Design for getting an unmanaged handle to a managed class

chapel-lang / chapel

a Productive Parallel Programming Language

https://chapel-lang.org

Other

1.78k stars 420 forks source link

Design for getting an unmanaged handle to a managed class #23731

Closed jabraham17 closed 8 months ago

jabraham17 commented 11 months ago

As of Chapel 1.32, we do not support a public way to get an unmanaged handle to a managed class that doesn't affect the lifetime of the object. Prior to Chapel 1.31, the way to do this was with a cast from a borrowed to unmanaged.

class MyClass {}

var a = new owned MyClass();
var b = a : unmanaged; //implicit borrow of a; a's lifetime is unaffected
//var b = a.borrow() : unmanaged

This allows a user to write that majority of code using a managed class and then opt out of the lifetime checker for some cases.

To restore this ability to Chapel, I propose two options

Restore the cast from borrowed to unmanaged
Add a new type method on borrowed which does the same thing
- This PR has an implementation of a borrowed.release method, although this is just a prototype name
  - other names: borrowed.get, borrowed.toUnmanaged, borrowed.getUnmanaged
  - Another option would be a type method on unmanaged: e.g. unmanaged.get, unmanaged.fromBorrowed

I would like to make the case for option 2, adding a type method. Currently, we only support .adopt() and .release() as ways of changing the management style for objects. I think that a cast to unmanaged doesn't quite fit with this style of code. More importantly, .adopt() and .release() have a strong advantage over casts; they are very explicit and stand out in the code. I think a cast is sometimes too subtle.

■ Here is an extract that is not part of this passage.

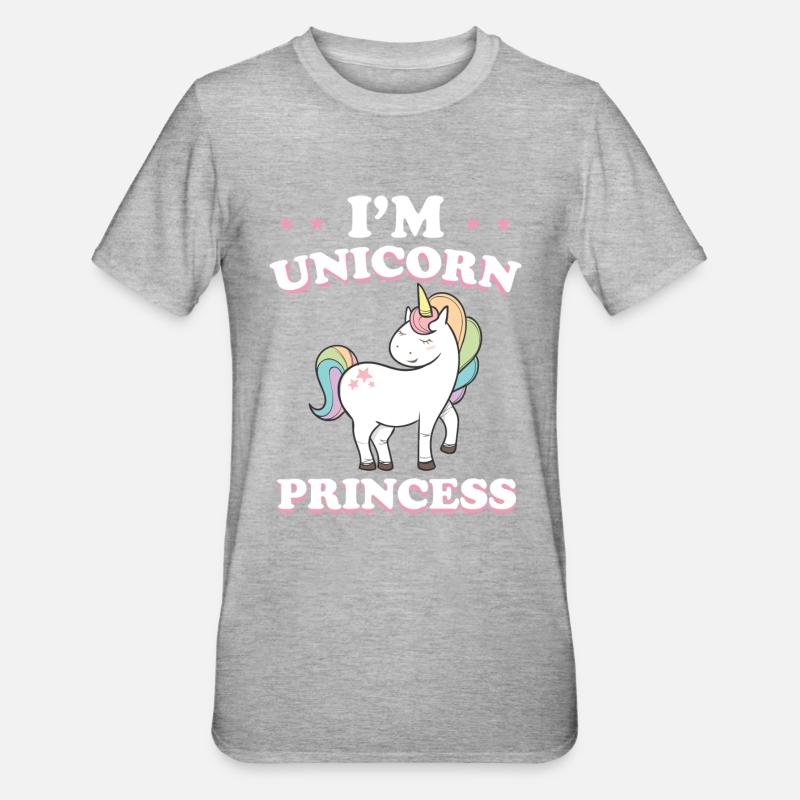 Unicorn Prinzessin Einhorn Mädchen Cooles Geschenk - Unisex Polycotton T-Shirt - Grau meliert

Consider this snippet, using a cast to unmanaged

class MyClass {}

{
  var a = new MyClass();
  var b = a : unmanaged;
  // do something with b
  delete a;
} // a will be deallocated at end of scope, causing a double free

This is a programmer introduced bug and probably not what was intended. Using a method call, this could be var b = borrowed.toUnmanaged(b);. When reading code, this sticks out to me more than just a cast.

mppf commented 11 months ago

Add a new type method on borrowed which does the same thing

Casting to unmanaged seems simple enough to me, but if we add a type method, IMO it would make more sense for it to be a type method on unmanaged. E.g. unmanaged.get(a.borrow()).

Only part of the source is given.